Kolarik recently won third place in the Horror Hotel International Film Festival held in Hudson with a movie called the Almost True Story of a Suburban Housewife.
Five people made up the casting team, all Akron-Cleveland area screenwriters, production managers, actors and actresses. They have all worked together for the past two years in various capacities. They all have full-time jobs and families. This is what they do for fun.
The casting crew was as excited as the tryouts, full of enthusiasm.
The creator of the film, Shawn Michelle, 51, of Lakewood, taped each tryout, but first she set up the scene and defined the character they were trying out for.
“You’re the girl next door to the main characters. You are trying to be cool, but you really are afraid, you just don’t want to show it,” she said. “You don’t want to be left alone.”
Skylie Mazey, 14, of Akron, gave it a shot.
“Your expressions were great. You had a lot of attitude. That’s exactly what we were looking for,” were some of the comments made by the audition-screening team.
Mazey said she has been acting since kindergarten or first grade, taking acting lessons at Weathervane Community Playhouse. It was her acting skills that got her accepted into the George C. Miller Performing Arts School in Akron. The sixth grader hopes to continue her acting in plays at Firestone High School.
Evie Neal, 43, of Euclid; Tony Mittelo, 48, of Strongsville; and Gary Moon, 56, of Akron, all tried out for the gypsy role in the film.
All used a different accent, and all were believable.
“This is a character-driven story,” Kolarik said. “Some of the roles could be played by a man or woman, there is no specific ethnicity or age limit. It just depends on who really nails the part.”
The team also suggested Moon and Mittelo try out for the role of a professor in the play.
The English and Irish accents were dropped for this role. When told there may be some action stunts, Mittelo said: “That’s fine. I don’t mind. It’s all for the art. You sacrifice for the craft.” He said he was in the Avengers movie, shot in Cleveland. He was an extra running in and out of buildings and in the street wearing a tuxedo.
Real-life professor Kerrie Carfagno, 41, of University Heights, who teaches at John Carroll University, also tried out for the professor’s role. She brought her two children, Sadie, 12, and Molly, 8, for tryouts but ended up accepting the team’s request for her to try out as well.
She said her daughter, Sadie, is interested in filmmaking. She signed her up for a film class camp in Cleveland but not enough people signed up for it.
“There’s not a lot of interest in her age group for filmmaking.

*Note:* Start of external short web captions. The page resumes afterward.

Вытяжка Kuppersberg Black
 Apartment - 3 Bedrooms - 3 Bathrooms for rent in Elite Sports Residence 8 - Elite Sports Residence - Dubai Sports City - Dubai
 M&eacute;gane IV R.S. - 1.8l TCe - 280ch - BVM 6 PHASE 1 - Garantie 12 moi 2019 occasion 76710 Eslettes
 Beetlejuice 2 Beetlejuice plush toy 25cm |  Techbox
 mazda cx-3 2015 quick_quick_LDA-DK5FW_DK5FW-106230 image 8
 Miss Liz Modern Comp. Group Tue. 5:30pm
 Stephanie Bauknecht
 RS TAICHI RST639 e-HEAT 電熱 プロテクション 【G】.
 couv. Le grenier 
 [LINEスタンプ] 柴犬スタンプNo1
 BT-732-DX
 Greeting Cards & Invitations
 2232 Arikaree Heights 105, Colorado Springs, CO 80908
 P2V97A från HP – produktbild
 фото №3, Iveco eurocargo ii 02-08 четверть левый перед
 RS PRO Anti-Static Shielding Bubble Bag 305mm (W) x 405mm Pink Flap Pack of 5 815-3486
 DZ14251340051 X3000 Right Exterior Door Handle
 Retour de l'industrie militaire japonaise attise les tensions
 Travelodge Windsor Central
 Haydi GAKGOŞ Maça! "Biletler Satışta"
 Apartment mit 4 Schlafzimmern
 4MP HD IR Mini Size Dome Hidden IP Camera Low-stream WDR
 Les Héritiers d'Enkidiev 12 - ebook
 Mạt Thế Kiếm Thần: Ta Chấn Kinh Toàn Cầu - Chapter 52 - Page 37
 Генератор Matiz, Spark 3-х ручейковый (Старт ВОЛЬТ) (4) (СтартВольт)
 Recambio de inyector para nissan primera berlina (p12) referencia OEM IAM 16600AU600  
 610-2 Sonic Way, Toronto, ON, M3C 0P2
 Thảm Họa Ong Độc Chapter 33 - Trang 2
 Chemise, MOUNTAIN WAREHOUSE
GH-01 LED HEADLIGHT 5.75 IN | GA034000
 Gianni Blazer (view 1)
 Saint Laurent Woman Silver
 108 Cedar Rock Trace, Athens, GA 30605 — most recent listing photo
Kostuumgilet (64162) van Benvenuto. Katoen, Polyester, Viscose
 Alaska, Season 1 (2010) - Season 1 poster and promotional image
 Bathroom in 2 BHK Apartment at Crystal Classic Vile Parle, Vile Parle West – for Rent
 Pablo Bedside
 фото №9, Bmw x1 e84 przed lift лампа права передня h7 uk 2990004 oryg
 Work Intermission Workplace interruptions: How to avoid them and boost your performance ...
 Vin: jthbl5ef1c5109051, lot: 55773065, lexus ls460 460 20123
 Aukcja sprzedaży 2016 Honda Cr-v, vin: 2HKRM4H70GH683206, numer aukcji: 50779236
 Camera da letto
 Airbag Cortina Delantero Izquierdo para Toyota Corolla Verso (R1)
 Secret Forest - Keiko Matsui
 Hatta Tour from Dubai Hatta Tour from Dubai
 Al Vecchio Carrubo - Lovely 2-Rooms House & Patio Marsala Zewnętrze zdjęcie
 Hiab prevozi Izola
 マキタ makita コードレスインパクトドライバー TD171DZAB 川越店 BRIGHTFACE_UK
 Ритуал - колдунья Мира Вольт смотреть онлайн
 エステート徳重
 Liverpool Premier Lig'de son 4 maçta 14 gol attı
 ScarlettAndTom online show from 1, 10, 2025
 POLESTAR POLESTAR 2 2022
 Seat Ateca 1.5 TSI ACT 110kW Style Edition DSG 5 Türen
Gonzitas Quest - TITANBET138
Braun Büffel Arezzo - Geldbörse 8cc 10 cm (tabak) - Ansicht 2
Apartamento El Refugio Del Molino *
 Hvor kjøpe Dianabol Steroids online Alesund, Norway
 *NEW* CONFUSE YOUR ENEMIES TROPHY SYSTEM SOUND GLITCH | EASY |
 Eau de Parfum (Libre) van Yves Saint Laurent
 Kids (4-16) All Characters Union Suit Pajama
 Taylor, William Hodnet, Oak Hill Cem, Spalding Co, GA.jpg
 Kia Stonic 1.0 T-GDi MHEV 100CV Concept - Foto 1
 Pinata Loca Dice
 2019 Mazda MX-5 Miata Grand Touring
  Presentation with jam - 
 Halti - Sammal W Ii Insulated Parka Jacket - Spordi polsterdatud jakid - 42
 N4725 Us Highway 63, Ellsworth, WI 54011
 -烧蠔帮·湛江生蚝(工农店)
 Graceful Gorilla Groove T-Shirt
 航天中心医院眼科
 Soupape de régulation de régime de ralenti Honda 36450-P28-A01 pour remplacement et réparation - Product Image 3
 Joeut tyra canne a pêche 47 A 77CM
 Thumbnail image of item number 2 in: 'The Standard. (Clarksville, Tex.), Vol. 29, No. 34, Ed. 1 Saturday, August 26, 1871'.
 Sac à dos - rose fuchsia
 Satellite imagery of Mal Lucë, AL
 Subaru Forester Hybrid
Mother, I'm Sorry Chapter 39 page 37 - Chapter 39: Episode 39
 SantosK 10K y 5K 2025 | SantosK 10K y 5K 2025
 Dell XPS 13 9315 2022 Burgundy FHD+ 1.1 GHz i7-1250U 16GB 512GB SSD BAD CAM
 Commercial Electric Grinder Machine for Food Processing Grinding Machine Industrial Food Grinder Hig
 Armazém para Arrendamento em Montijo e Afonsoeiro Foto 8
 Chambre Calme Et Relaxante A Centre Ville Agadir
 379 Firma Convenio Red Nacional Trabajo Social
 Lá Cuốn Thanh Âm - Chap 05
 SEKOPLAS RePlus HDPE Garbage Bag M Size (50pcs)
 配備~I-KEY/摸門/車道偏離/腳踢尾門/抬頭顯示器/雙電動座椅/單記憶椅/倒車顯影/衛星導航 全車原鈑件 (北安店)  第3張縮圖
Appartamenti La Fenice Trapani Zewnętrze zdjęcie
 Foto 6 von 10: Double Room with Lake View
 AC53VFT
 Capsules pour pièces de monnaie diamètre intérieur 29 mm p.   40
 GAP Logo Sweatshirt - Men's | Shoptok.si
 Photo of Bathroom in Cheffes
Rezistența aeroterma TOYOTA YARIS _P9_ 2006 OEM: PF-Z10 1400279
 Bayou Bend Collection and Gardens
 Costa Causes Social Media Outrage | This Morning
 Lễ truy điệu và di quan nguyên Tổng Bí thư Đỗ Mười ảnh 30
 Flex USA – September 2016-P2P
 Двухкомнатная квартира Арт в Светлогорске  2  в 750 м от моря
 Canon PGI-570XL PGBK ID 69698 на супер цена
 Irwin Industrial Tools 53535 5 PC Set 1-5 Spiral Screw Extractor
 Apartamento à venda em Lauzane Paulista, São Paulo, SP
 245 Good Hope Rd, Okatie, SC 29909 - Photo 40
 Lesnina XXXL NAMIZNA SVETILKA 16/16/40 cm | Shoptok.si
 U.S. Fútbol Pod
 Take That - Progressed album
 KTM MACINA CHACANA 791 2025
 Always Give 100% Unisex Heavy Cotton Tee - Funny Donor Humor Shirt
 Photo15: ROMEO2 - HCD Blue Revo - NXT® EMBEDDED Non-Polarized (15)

I saw this online and told her I don’t know what we are getting into,” Carfagno said. “I don’t know this world, but it’s one way to get her on the set.”
She said even if none of her family gets a part, maybe they can be extras in the film and learn something behind the scenes. The film may need up to 200 extras to play zombies.
The casting crew said it’s a fun story line.
“It’s spooky, it gets your attention. It’s magical and whimsical,” said Pauline Nowakowski, 53, of Cleveland.
Michelle said the film is “family friendly, a PG-13 movie and something adults can go to see with their children.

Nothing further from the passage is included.